__WORK TO COMPLETE__. Below are several records. Retype exactly those lines running from the one with "Read Fruits basket AR Manga Online" through the one with "フェイクレザーコート ジャケット PU革ジャケット", end lines included, and no others.

__Web page caption snippets__.
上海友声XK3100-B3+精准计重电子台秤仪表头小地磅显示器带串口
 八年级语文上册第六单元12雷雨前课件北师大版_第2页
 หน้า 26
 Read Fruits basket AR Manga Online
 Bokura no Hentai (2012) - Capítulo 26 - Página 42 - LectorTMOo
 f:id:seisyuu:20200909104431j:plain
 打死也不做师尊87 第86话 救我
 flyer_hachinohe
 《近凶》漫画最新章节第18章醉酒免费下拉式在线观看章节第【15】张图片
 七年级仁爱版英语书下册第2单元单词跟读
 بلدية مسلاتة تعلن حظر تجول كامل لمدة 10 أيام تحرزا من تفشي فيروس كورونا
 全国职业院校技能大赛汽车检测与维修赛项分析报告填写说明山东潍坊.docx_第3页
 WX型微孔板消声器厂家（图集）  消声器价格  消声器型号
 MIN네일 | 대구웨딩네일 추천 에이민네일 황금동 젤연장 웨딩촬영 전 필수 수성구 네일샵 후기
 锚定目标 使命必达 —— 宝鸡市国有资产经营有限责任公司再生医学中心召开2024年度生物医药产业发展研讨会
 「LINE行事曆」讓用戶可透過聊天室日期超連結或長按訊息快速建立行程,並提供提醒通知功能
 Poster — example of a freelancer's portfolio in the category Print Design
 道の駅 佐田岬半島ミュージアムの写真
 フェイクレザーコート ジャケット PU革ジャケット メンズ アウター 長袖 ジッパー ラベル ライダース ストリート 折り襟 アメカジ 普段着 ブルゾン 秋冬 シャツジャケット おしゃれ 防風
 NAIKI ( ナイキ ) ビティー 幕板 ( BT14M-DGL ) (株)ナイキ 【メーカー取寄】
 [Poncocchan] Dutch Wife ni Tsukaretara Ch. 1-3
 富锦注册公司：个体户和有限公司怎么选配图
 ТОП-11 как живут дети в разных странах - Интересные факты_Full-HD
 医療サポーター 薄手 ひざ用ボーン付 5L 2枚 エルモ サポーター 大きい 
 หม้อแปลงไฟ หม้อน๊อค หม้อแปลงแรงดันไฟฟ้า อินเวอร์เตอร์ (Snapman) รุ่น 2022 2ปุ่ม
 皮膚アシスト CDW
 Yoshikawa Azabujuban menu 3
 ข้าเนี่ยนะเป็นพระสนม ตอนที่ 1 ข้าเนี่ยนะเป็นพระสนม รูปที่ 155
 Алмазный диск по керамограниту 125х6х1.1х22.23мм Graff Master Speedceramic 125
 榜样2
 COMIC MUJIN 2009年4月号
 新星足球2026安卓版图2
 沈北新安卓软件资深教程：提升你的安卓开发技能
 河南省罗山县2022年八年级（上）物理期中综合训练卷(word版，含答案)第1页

__RESULT BELOW__.
 Read Fruits basket AR Manga Online
 Bokura no Hentai (2012) - Capítulo 26 - Página 42 - LectorTMOo
 f:id:seisyuu:20200909104431j:plain
 打死也不做师尊87 第86话 救我
 flyer_hachinohe
 《近凶》漫画最新章节第18章醉酒免费下拉式在线观看章节第【15】张图片
 七年级仁爱版英语书下册第2单元单词跟读
 بلدية مسلاتة تعلن حظر تجول كامل لمدة 10 أيام تحرزا من تفشي فيروس كورونا
 全国职业院校技能大赛汽车检测与维修赛项分析报告填写说明山东潍坊.docx_第3页
 WX型微孔板消声器厂家（图集）  消声器价格  消声器型号
 MIN네일 | 대구웨딩네일 추천 에이민네일 황금동 젤연장 웨딩촬영 전 필수 수성구 네일샵 후기
 锚定目标 使命必达 —— 宝鸡市国有资产经营有限责任公司再生医学中心召开2024年度生物医药产业发展研讨会
 「LINE行事曆」讓用戶可透過聊天室日期超連結或長按訊息快速建立行程,並提供提醒通知功能
 Poster — example of a freelancer's portfolio in the category Print Design
 道の駅 佐田岬半島ミュージアムの写真
 フェイクレザーコート ジャケット PU革ジャケット メンズ アウター 長袖 ジッパー ラベル ライダース ストリート 折り襟 アメカジ 普段着 ブルゾン 秋冬 シャツジャケット おしゃれ 防風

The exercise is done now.